Friday, September 02, 2005

New Orleans und die Staatsgläubigkeit

Gestern war im Freiheitsforum ein Thread eröffnet worden, in dessen Eingangsstatement hämisch/sarkastisch behauptet wurde, jetzt könne man in New Orleans sehen, wie eine staatenlose Gesellschaft aussehen würde: Gewalt, Plünderungen, Rechtlosigkeit wären an der Tagesordnung.

Dagegengehalten wurde richtigerweise argumentiert, daß sich New Orleans immer noch in einem Staatsgebiet befindet und daß der zuständige Staat als Monopolist der Rechtsdurchsetzung und des Schutzes von Leben und Eigentum derzeit dort versagt.

Dagegen behauptete wiederum der Aufsteller der Eingangsthese, die Situation in New Orleans würde jetzt nicht anders aussehen, wenn Hurrikan Katrina die Stadt in einer staatenlosen Gesellschaft getroffen hätte, und selbst die privaten Versicherungen (Gebäude samt Mitarbeiter) vernichtet hätte.

Leider ist dieser Thread über Nacht verschwunden, vielleicht artete die Diskussion ins unakzeptable aus.

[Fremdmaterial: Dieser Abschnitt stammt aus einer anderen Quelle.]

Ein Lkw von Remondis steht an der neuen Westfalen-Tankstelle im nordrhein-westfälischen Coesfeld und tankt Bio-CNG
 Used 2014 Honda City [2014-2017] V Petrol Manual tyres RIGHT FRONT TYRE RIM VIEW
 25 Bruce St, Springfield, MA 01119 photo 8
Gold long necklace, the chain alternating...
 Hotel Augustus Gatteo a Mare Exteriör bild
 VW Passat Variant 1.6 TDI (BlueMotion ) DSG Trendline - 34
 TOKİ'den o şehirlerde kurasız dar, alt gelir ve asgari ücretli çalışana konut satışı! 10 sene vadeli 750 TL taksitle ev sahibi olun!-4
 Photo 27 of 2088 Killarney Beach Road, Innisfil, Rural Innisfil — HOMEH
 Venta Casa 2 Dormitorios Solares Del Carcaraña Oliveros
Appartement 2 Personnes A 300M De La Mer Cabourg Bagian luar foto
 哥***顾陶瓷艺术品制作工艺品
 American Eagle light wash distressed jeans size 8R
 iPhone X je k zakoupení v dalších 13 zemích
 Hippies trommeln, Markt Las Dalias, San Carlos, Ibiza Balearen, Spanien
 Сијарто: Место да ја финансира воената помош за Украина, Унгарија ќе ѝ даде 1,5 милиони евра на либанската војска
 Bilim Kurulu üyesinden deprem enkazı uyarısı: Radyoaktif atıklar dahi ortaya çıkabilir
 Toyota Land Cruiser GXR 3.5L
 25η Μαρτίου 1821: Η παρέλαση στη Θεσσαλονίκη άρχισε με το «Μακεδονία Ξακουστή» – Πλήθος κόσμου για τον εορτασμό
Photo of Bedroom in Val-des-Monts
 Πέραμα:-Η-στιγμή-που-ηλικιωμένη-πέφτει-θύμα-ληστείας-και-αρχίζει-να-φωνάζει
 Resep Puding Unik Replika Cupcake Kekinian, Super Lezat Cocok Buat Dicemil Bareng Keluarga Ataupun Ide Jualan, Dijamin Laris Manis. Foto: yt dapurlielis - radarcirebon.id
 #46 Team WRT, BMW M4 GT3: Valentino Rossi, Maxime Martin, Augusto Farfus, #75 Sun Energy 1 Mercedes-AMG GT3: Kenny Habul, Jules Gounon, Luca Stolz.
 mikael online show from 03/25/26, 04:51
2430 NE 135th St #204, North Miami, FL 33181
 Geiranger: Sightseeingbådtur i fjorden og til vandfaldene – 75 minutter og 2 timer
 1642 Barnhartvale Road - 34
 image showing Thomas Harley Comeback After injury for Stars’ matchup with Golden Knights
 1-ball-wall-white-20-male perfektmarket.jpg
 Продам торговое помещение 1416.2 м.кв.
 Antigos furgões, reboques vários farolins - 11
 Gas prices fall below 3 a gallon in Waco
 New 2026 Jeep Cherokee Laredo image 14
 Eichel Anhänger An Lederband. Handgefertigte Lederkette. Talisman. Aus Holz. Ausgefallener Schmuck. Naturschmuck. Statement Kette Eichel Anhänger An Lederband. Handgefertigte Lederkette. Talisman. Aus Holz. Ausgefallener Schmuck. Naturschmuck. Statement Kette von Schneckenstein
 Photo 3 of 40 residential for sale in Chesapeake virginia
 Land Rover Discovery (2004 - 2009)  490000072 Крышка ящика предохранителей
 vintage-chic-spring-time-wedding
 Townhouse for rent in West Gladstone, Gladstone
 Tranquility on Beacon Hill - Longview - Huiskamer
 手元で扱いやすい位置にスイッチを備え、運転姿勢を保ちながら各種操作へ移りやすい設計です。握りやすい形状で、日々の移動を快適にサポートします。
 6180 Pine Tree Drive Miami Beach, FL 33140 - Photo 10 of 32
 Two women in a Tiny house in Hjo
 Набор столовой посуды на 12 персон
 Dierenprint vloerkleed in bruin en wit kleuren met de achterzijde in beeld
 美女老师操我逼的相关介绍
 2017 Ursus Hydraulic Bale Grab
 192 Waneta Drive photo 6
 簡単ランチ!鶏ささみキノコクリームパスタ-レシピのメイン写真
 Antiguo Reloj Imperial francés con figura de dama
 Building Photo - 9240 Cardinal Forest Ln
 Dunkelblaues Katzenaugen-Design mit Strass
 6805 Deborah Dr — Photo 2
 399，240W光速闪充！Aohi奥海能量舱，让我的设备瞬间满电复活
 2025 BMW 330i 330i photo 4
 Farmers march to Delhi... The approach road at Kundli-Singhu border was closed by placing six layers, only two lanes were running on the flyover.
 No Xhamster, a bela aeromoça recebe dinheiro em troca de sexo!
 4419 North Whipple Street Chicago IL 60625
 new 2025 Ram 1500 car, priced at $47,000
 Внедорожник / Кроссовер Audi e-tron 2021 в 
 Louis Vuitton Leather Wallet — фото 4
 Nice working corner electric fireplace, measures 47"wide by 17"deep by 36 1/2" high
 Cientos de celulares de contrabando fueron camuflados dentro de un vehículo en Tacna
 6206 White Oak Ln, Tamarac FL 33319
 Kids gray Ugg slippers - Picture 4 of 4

Der Thesenaufsteller liegt mit seiner Projektion über den Zustand eines "staatenlosen" New Orleans nach einem verheerenden Hurrikan aus folgenden Gründen falsch:

Wer in einer staatenlosen ("Versicherungs-")Gesellschaft in einem geographischen Ort wie New Orleans leben würde, mehrere Meter unter dem Meeresspiegel, direkt an der Küste in einem Gebiet, das regelmäßig von Hurrikanen heimgesucht wird, würde eine sehr hohe Versicherungsprämie zahlen müssen, wahrscheinlich verbunden mit erheblichen Hurrikan- und Hochwasserschutz-Auflagen. Denn: Die Gefährdung von N.O. war lange bekannt. Also dürfte unter solchen Bedingungen da nur - mit Anspruch auf Schutz vor Naturgewalten - leben, wer ziemlich reich ist, also nur sehr wenige, wenn überhaupt. Wer sich sonst dort befunden hätte, hätte dies auf eigene Gefahr getan.

Und für den Fall des Falles würde eine Versicherung schlecht beraten sein, dann auch noch den Schutz vor Plünderung zu garantieren. Also: Wer da wohnt, hätte sich mit Waffen und Proviant in einer hochwasserschutzsicheren Festung aufhalten müssen.

In einer staatlichen, insbesondere demokratischen Gesellschaft ist es eher umgekehrt: Wer reich ist, hat schon lange das Weite gesucht, in den gefährdeten Gebieten leb(t)en, in ungeschützten Unterkünften, hauptsächlich nur Arme, die von ihren demokratischen Hütern lange in falsche Sicherheit eingelullt wurden. Als es dann ernst wurde, sind dann logischerweise viele geblieben und haben nicht auf die Warnung der staatlichen Behörden gehört. "Warum auch?", wird so mancher gedacht haben, "Wenn mir was passiert, wird mir der Staat schon aus der Patsche helfen. Hat er doch bislang auch gemacht."

Das sind die berühmten letzten Worte aller Staatsgläubigen, überall.

Das sollte jedoch selbstverständlich niemanden davon abhalten, Mitgefühl für die jetzt leidenden Opfer zu zeigen und ihnen, wenn möglich, zu helfen. Listen von (nichtstaatlichen) Organisationen, an die man Spenden kann, um den Opfern von Hurrikan Katrina zu helfen, befinden sich bei der Freiheitsfabrik.